Real estate in China constitutes a fifth of GDP and is weighed down by a combination of untenable debt and scant demand. Several developers have defaulted on bond payments and many others will do so in the months ahead. In the longer term, with an ageing population and rising costs, China’s growth potential is bound to moderate. Some would argue that China would grow old before it grows rich. Whilst that seems unreasonable, it is true that the trajectory of growth and development over the course of the last two decades can now no longer be sustained. A combination of debt, price deflation and demographic debility has begun to express itself in economic trends.

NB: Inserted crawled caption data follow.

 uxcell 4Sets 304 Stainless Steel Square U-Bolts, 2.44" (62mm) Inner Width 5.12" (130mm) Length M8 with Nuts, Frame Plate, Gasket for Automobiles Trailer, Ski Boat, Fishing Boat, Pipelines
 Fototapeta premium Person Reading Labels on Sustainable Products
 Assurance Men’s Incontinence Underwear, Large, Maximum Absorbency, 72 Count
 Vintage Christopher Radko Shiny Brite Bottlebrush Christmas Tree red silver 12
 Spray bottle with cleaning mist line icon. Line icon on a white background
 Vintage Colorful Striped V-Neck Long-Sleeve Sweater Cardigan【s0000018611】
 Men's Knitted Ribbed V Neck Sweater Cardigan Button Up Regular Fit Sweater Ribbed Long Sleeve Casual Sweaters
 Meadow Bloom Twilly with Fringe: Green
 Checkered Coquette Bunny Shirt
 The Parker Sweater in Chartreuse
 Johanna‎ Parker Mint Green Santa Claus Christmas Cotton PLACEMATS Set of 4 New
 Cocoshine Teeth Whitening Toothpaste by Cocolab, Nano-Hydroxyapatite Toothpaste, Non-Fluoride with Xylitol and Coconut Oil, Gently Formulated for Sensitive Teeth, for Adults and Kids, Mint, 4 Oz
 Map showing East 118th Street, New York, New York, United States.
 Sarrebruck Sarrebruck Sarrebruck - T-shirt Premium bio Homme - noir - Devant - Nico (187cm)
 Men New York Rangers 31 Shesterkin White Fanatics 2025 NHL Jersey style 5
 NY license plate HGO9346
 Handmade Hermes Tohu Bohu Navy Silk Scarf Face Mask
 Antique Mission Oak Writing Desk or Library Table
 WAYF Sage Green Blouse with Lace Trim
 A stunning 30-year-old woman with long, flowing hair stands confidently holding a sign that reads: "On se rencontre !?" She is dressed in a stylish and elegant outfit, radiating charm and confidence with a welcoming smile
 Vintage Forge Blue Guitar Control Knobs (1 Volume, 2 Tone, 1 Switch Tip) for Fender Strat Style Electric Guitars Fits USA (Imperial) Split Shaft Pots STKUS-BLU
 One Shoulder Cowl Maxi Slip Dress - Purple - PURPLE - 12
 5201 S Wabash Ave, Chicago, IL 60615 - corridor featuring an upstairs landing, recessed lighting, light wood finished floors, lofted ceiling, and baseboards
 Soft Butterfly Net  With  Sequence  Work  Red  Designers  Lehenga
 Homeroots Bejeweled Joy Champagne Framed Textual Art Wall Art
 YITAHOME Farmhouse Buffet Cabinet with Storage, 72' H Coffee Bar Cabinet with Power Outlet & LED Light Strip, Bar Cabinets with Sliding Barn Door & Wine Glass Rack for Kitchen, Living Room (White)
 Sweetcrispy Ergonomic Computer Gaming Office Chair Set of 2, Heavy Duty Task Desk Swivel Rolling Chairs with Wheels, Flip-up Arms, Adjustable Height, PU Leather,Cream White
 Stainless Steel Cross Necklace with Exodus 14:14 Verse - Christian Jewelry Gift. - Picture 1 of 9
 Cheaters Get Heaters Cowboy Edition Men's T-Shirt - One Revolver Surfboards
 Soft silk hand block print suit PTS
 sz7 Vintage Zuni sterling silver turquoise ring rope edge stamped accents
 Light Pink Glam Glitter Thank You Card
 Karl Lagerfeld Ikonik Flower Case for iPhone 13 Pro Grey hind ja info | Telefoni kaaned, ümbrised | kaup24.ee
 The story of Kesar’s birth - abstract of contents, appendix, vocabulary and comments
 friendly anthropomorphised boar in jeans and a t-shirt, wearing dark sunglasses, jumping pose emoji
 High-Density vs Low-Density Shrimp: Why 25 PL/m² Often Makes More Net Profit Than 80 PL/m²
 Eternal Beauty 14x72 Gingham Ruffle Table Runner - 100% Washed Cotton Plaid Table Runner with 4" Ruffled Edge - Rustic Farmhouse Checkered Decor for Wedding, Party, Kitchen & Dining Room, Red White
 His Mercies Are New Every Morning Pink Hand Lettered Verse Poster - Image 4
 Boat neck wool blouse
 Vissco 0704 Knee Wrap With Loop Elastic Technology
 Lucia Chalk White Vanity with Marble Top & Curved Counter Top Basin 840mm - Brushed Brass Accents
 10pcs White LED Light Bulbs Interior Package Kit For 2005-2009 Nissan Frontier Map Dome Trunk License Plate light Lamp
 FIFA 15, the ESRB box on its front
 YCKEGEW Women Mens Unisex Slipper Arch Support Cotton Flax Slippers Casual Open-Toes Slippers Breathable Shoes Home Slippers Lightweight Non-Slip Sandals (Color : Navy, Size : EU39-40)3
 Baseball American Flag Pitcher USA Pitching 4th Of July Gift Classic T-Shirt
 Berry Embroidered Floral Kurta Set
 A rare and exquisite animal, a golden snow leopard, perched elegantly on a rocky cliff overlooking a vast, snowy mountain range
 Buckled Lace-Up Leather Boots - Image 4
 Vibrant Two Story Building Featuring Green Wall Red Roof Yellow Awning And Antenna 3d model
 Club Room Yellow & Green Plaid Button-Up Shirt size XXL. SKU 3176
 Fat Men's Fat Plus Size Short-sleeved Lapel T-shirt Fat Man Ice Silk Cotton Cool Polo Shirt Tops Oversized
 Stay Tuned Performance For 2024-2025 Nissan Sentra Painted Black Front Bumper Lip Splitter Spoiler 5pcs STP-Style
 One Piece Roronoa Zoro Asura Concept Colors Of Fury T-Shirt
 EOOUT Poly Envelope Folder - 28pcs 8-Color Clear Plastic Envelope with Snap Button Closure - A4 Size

The key factor limiting China’s longer-term potential is the result of its one-child policy, scrupulously inflicted a few decades ago. Consequently, its workforce is shrinking and, in the absence of a liberal immigration regime, China has enforced limits upon itself as to how rapidly it can grow. In the early 1980s, China’s GDP per person was about the same as that of India; now it is ~13,000 USD. However, there are reasons to suggest that it is unlikely to break out of the middle-income trap in a hurry, something that very few countries have managed to achieve. One could therefore argue that the Chinese marvel is over. Political interference, specifically in the high-growth tech sector, has punctured aspirations and it is hard to tell what the props of future growth will comprise of. Moreover, in the wake of geopolitical tensions with America and European countries, foreign investment too has begun to decline.

 Large multinational corporations, with a view to de-risking their supply chains, are moving new investments towards other locations such as Eastern Europe, Mexico, Vietnam and even India. Local governments have historically been the channel through which the Chinese authorities stimulated the economy. This was broadly through infrastructure projects, homes, offices and industrial parks, creating a virtuous cycle with new investments and employment generation. However, this no longer seems feasible, as overzealous spending has resulted in a situation where most local authorities are bankrupt. Even if the central government were to provide a guarantee on new bond issues to local administrations, that would at best prevent the economic decline from rapidly getting worse, but it will not reverse it. In any case, this sort of fiscal trickery can only push the can along but will not address the fundamental problems that impair China’s economy. In the 2030s, its workforce will decline more rapidly, and American sanctions will hurt its prominent tech sector. With all of this in mind, China’s policymakers must begin to realise that their aspirations to be the dominant global power of the century will in all probability remain unrealised.